- [Data below]:
····················
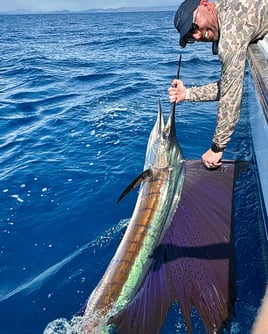 5-9 Hours Offshore Trip - 27’ Dusky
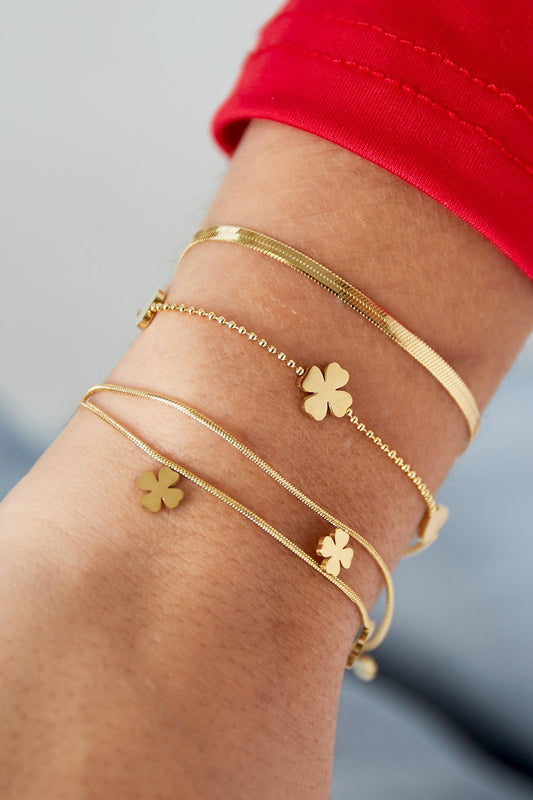 Trendy damesarmband met hartjes en klaver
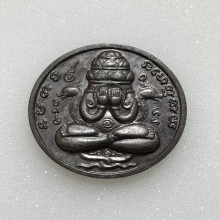 พระปิดตาพังพะกาฬ รุ่นแรก  พิมพ์เครายาว เนื้อนวโลหะ พ.ศ. 2532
····················
- [Your task]:
The listing above is to be set down word for word, without its images.

- [Answer box]:
 5-9 Hours Offshore Trip - 27’ Dusky
 Trendy damesarmband met hartjes en klaver
 พระปิดตาพังพะกาฬ รุ่นแรก  พิมพ์เครายาว เนื้อนวโลหะ พ.ศ. 2532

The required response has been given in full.